The major question is the following - is atypical Cushing's disease a distinctly different disorder than classic Cushing's disease? Interestingly, only 14 cases of atypical Cushing's have been reported in the veterinary literature and the majority of cases are ATs.1,16-18 Published and unpublished data would indicate that it is not uncommon for ATs to be associated with excessive sex steroid production and normal screening tests. In other words, many ATs often fit the description of ACD, but this description can be considered "normal" for an adrenal tumor, especially an adrenal carcinoma. Of even more interest is the expression of 21-hydroxylase is normal in ATs, and, therefore, a deficiency of 21-hydroxylase is not the cause of excessive steroid production.11 Summary impact point: Some ATs fit the description of ACD, but this presentation is not uncommon for ATs.
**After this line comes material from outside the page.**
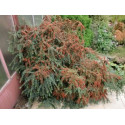 COTONEASTER horizontalis 30 semen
Primary bilateral adrenal hyperplasia caused by aberrant expression of receptors in the adrenal cortex is a relatively new form of Cushing's disease reported in the dog, which fits the definition of ACD. The primary example is food-induced Cushing's disease. These cases present with obvious signs of HAC, negative screening tests, suppressed endogenous ACTH concentrations, and symmetrically enlarged adrenal glands.
A theory for non-suppressed ACTH cases (ACTH-dependent ACD) is the cut-off levels for the current endocrine screening tests are simply too high, especially in mild cases. In other words, some or possibly many cases of classic Cushing's disease are misdiagnosed as ACD. And lastly, the possibility that ACD is a congenital adrenal hyperplasia-like syndrome is unclear at this time. To prove or disprove this theory, adrenal glands from dogs with ACD, preferably not treated with mitotane or trilostane, would have to be tested for deficiencies of the various enzymes involved in the cortisol synthetic pathways.
And finally, and maybe most important, no matter what the underlying cause of ACD, medical therapy with trilostane or mitotane is efficacious in most cases, even in dogs with an AT that are not good surgical candidates.